В тот день — это было 13 июня — небольшая часть отряда Виллиха выдержала блестящее сражение. За несколько дней до этого Виллих получил в виде подкрепления к своему добровольческому отряду один батальон бойцов баденского народного ополчения, батальон Дреер-Обермюллера; около 50 человек из этого батальона он направил против Гермерсгейма, выдвинув их вперед к Бельгейму. За ними в Книттельсгейме находилась еще одна рота добровольческого отряда, а также некоторое количество бойцов, вооруженных косами. Батальон баварцев с двумя орудиями и эскадроном шеволежеров сделал вылазку. Баденцы обратились в бегство, не оказав никакого сопротивления; только один из них, настигнутый тремя конными жандармами, яростно защищался до тех пор, пока, наконец, весь изрубленный сабельными ударами, не упал и не был окончательно добит нападавшими. Когда беглецы прибыли в Книттельсгейм, капитан стоявшей там роты, насчитывавшей менее 50 человек, некоторые из них были вооружены только косами, выступил против баварцев. Он искусно разделил своих людей на несколько групп и так решительно двинулся вперед стрелковой цепью, что баварцы, превосходившие его силами более чем в десять раз, после двухчасового боя были оттеснены в оставленную баденцами деревню; в конце концов, когда прибыли еще некоторые подкрепления из отряда Виллиха, баварцев прогнали и из этой деревни. Потеряв около двадцати убитых и раненых, баварцы отступили в Гермерсгейм. К сожалению, я не могу назвать имя этого храброго и талантливого молодого офицера, так как он, вероятно, еще не находится в безопасности. В его роте было только пять раненых, из них никто не был ранен тяжело. Один из этих пяти, француз-доброволец, был ранен в предплечье раньше, чем сам успел сделать выстрел. Несмотря на это, он все-таки расстрелял все свои шестнадцать патронов, а так как из-за ранения он не мог сам заряжать ружье, то давал его заряжать одному из бойцов, вооруженных косами, лишь бы только иметь возможность стрелять. На следующий день мы отправились в Бельгейм, чтобы осмотреть поле сражения и наметить новые диспозиции. Баварцы осыпали наших стрелков ядрами и картечью, но только посбивали с деревьев сучья, которыми оказалась потом усеяна вся дорога, и попали в дерево, за которым стоял капитан.

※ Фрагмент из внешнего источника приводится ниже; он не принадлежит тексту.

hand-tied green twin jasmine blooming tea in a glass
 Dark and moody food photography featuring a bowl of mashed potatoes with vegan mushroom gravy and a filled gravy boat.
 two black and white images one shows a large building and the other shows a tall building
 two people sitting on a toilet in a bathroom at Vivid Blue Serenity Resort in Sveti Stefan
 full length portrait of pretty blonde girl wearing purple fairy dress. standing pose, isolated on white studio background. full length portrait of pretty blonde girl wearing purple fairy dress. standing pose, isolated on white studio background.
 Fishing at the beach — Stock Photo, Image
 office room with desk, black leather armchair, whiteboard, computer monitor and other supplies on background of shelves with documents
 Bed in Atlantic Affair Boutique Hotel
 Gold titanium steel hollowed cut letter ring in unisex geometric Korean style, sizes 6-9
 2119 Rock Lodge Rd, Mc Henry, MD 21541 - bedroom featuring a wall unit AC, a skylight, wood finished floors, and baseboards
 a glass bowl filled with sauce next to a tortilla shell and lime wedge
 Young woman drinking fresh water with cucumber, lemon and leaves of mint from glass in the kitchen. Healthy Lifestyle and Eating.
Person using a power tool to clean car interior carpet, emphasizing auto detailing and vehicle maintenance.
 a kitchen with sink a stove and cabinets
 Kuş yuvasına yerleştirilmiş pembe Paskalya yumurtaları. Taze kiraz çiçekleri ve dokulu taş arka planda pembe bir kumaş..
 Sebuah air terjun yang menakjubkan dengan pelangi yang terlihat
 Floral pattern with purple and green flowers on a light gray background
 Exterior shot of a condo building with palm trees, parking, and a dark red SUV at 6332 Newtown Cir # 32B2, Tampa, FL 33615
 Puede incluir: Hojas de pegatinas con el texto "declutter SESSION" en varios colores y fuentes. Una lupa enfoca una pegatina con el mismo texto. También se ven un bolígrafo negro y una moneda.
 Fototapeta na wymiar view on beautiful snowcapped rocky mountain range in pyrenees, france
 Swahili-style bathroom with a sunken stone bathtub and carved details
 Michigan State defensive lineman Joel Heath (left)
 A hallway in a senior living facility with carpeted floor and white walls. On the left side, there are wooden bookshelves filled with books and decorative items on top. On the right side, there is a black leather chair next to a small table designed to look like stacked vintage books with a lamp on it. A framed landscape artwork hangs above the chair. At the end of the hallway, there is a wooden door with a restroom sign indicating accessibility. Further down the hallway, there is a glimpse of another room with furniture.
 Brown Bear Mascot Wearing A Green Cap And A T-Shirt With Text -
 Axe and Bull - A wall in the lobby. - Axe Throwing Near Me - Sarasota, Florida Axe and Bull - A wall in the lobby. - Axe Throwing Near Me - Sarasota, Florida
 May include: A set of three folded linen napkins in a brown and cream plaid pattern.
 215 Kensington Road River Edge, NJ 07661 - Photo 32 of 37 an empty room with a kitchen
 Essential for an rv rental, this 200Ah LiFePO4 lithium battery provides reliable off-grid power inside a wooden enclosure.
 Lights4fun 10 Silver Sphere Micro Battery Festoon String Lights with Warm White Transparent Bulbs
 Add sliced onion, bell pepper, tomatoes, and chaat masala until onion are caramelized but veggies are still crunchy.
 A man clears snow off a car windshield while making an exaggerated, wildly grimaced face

Батальон Дреер-Обермюллера был теперь налицо в полном составе, готовый окончательно расположиться в Бельгейме и его окрестностях. Это был прекрасный на вид, хорошо вооруженный батальон; особенно офицеры его со своими клинообразными бородками и смуглыми лицами, полными серьезности и воодушевления, выглядели как настоящие мыслящие каннибалы. К счастью, они не были так опасны — мы постепенно сможем в этом убедиться.

К удивлению своему, я узнал, что нет почти никаких боевых припасов, что у большинства бойцов только по пять-шесть патронов и только у немногих — по двадцать, что запасов не хватает даже для того, чтобы заполнить совершенно пустые патронташи участников вчерашнего сражения. Я тотчас же предложил отправиться в Кайзерслаутерн за боевыми припасами и в тот же вечер собрался в дорогу.